Setting up environment and variables...


### 1.2 Set up the variables
You will need to change the values of the variables below to suit the names and directory location of your files to be loaded.

In [108]:
# update these with your file paths
sensor_phase = os.path.normpath('./output/A_load_and_combine_data/df_sensor_phase.pkl')
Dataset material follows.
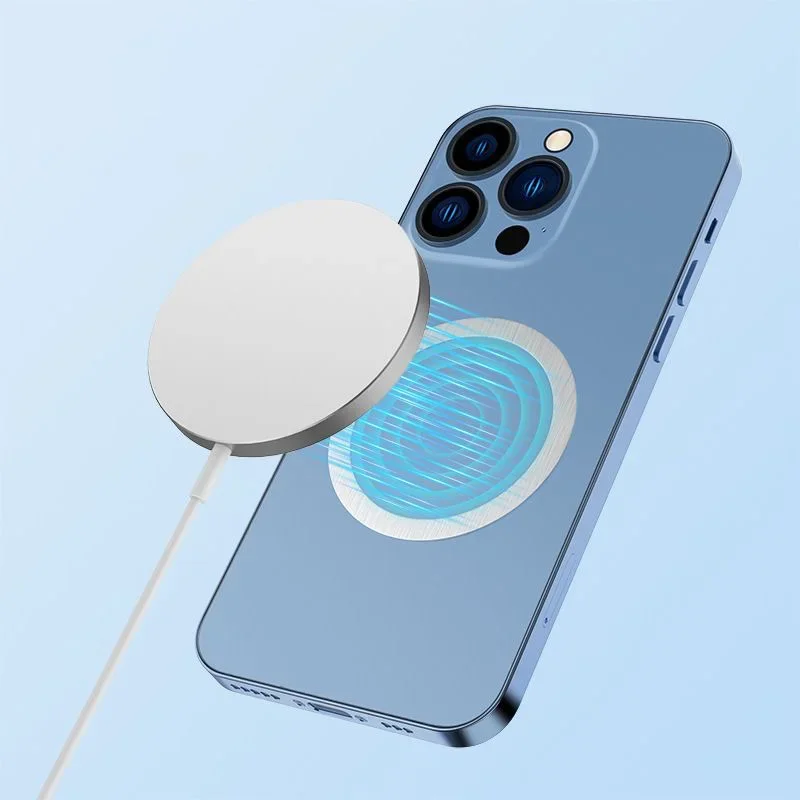 Universal Metal Plate and Metal Ring Mobile Phone Popsocket Accessories Suitable for Magnetic Phone Stands and Car Phone Holder 3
# write intermediate tables to disk for debugging purposes
write_temps = True
output_path = os.path.normpath('./output/B_Aggregate_Sensor_Stats')
df_sensor_data = None

log('Done.')

Tue Apr 18 09:05:52 2017 - Done.


In [109]:
def write_temp_file(df, filepath, df_name):
    '''
    If write_temps is true, this function will write the specified Pandas dataframe (df) to csv at the specified location (filepath).
    Variables:
        df: a Pandas dataframe to be written to csv.
        filepath: a string in Unix path format (using / not \) for the csv destination.
        df_name: human readable name or description of the dataframe for logging purposes.
    '''
    if write_temps:
        print('{0} - Writing intermediate table {1} to disk.'.format(str(time.ctime()), df_name, filepath), flush=True)
        if not os.path.exists(output_path):
            os.makedirs(output_path)
        df.to_csv(os.path.normpath(filepath))
        if os.path.getsize(filepath) > 0:
            print('{0} - Written {1}: {2:.3f} MB'.format(str(time.ctime()), filepath, os.path.getsize(filepath)/1000000), flush=True)
           

### 1.3 Import the data file

In [3]:
df_sensor_phase = pd.read_pickle(sensor_phase)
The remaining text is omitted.